Terkait dukungan permintaan hasil kajian dan rekomendasi Kemenkes terkait pelepasan telur nyamuk Wolbachia ini, Riris mengatakan secara paralel Kementerian Kesehatan, tengah menyusun strategi nasional penanggulangan dengue, dan teknologi Wolbachia merupakan bagian dari inovasi program pengendalian dengue.
“Kementerian Kesehatan selanjutnya merencanakan implementasi secara bertahap,” terangnya.
Seperti diketahui, Wolbachia adalah bakteri alami dari 6 dari 10 jenis serangga.
Wolbachia dalam tubuh nyamuk Aedes aegypti dapat menurunkan replikasi virus dengue, sehingga dapat mengurangi kapasitas nyamuk tersebut sebagai vektor dengue.
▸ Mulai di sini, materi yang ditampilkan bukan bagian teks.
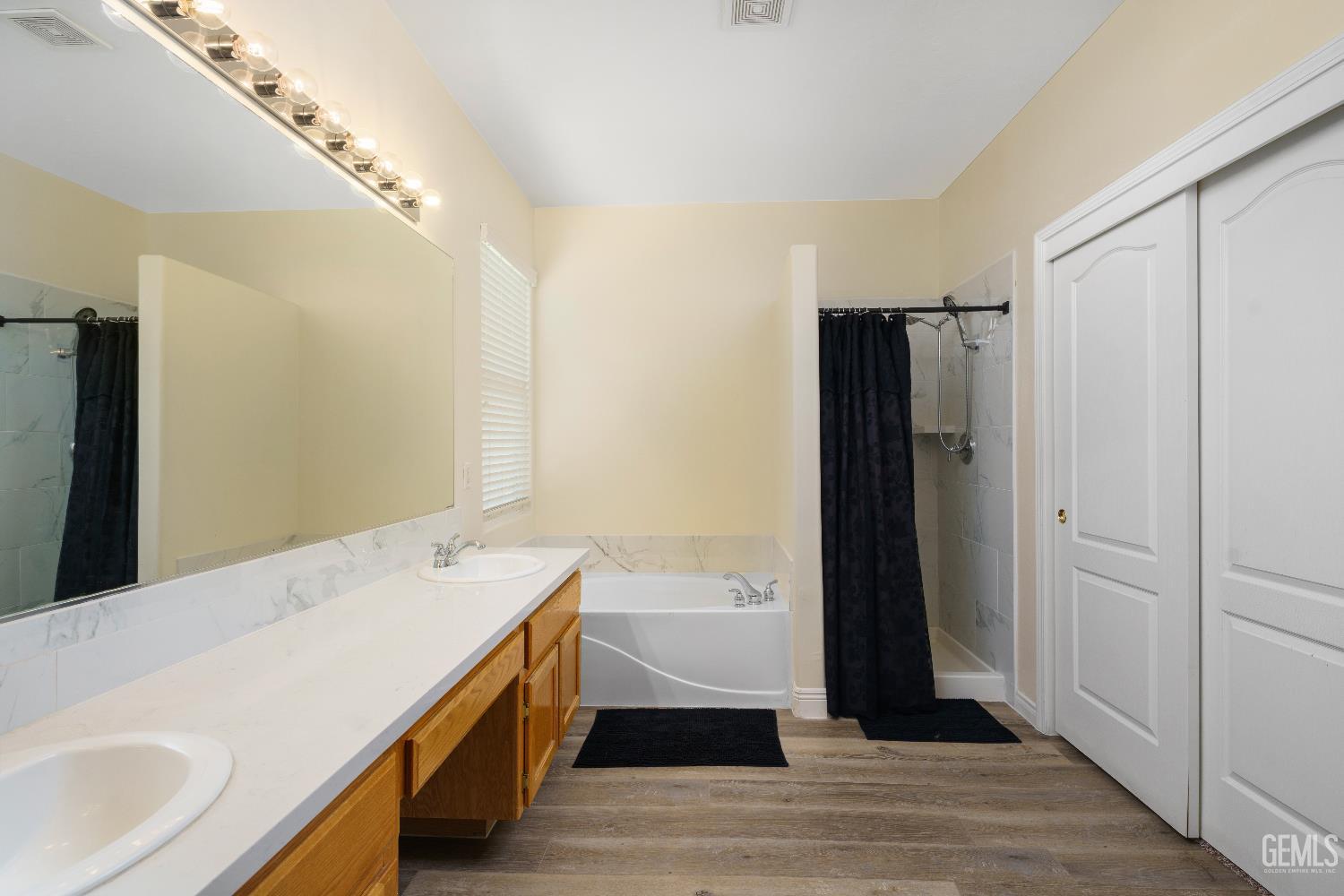 Bakersfield, California, 93311, United States, 5 Bedrooms Bedrooms, ,3 BathroomsBathrooms,Residential,For Sale,1933198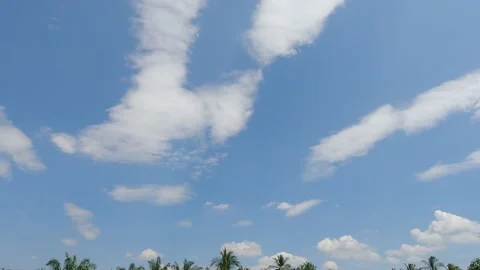 Puffy fluffy white cloud on dramatic blue sky background Stock Footage 152580067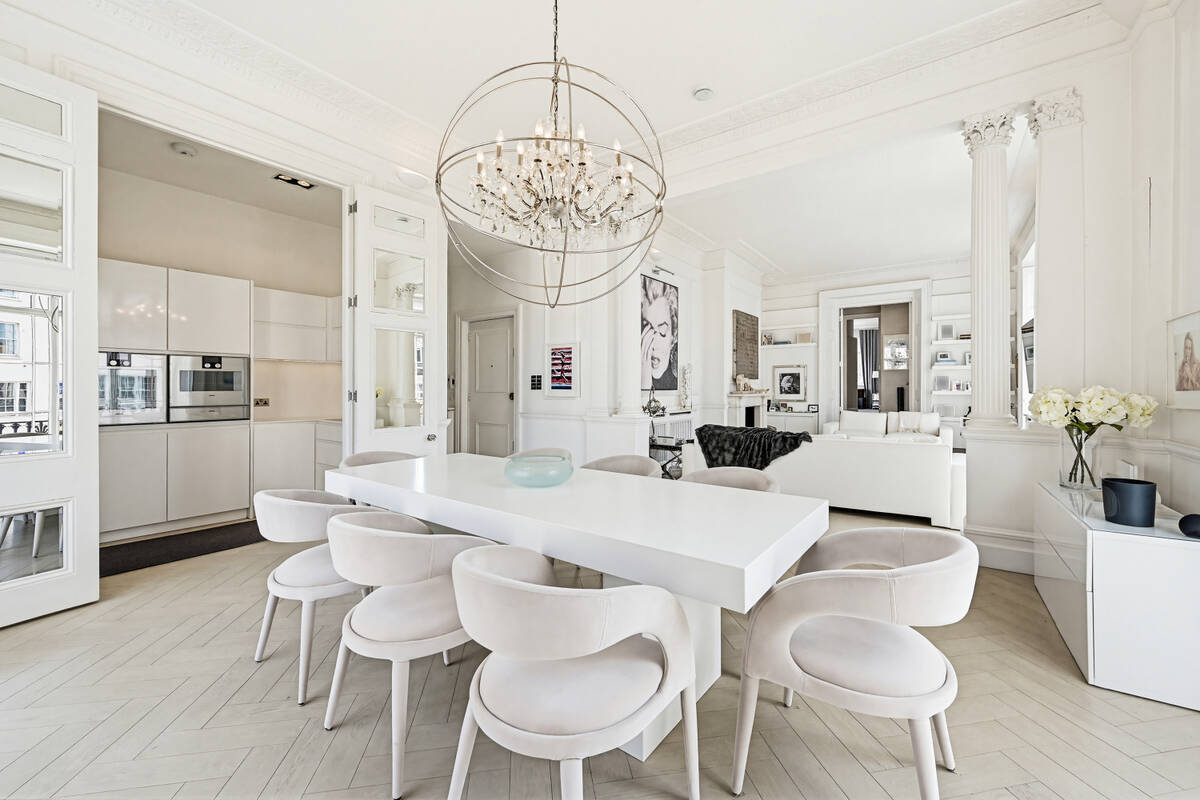Photo #8 of the Eaton Place, 34 Eaton Place, SW1X
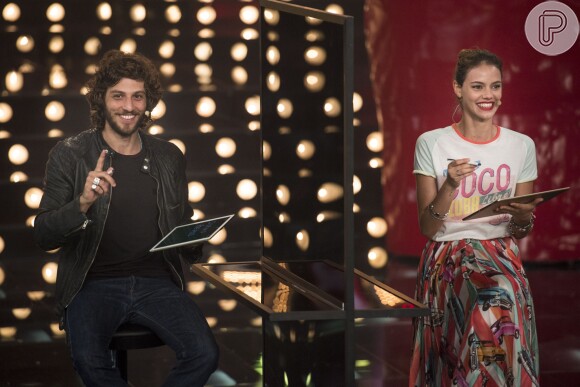 Chay Suede e Laura Neiva participaram de uma brincadeira no programa 'Amor & Sexo' e o ator surpreendeu a namorada com um pedido de casamento durante a gravação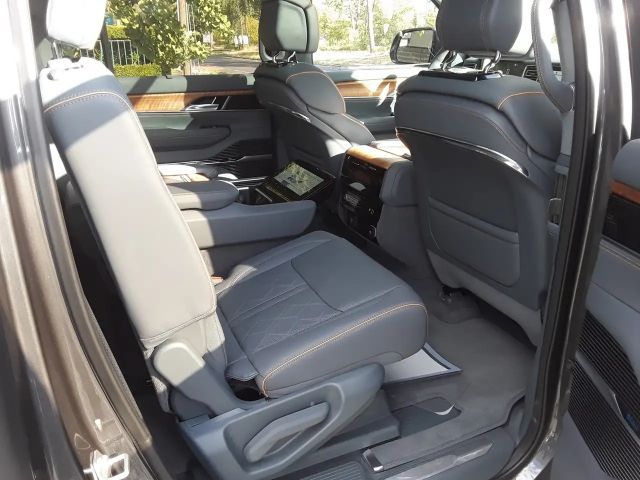 Jeep Wagoneer Series III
Mekanisme kerja yang utama adalah melalui kompetisi makanan antara virus dan bakteri, dengan sedikitnya makanan yang bisa menghidupi virus, maka virus tidak dapat berkembang biak.
Melalui mekanisme tersebut, Wolbachia berpotensi menurunkan replikasi virus dengue di tubuh nyamuk, sebab nyamuk Aedes aegypti ber-Wolbachia bukan organisme hasil modifikasi genetik, mengingat bakteri Wolbachia yang dimasukkan ke dalam tubuh Aedes aegypti identik dengan Wolbachia yang ada di inang aslinya yaitu Drosophila melanogaster.
“Perlu diketahui, nyamuk Aedes Aegypti berwolbachia bukan hasil modifikasi genetik,” katanya.
Dari sisi aspek keamanan wolbachia, ujarnya, hasil analisis risiko yang diinisiasi oleh Kemenristekdikti dan Balitbangkes, Kemenkes, pada tahun 2016 dengan membentuk 20 orang anggota tim independen dari berbagai kepakaran menyebutkan, bahwa nyamuk Wolbachia memiliki tingkat risiko rendah bagi manusia dan lingkungannya.
“Kesimpulan mereka bahwa pelepasan nyamuk Aedes aegypti ber-Wolbachia masuk pada risiko sangat rendah, dimana dalam 30 tahun ke depan, peluang peningkatan bahaya dapat diabaikan,” katanya.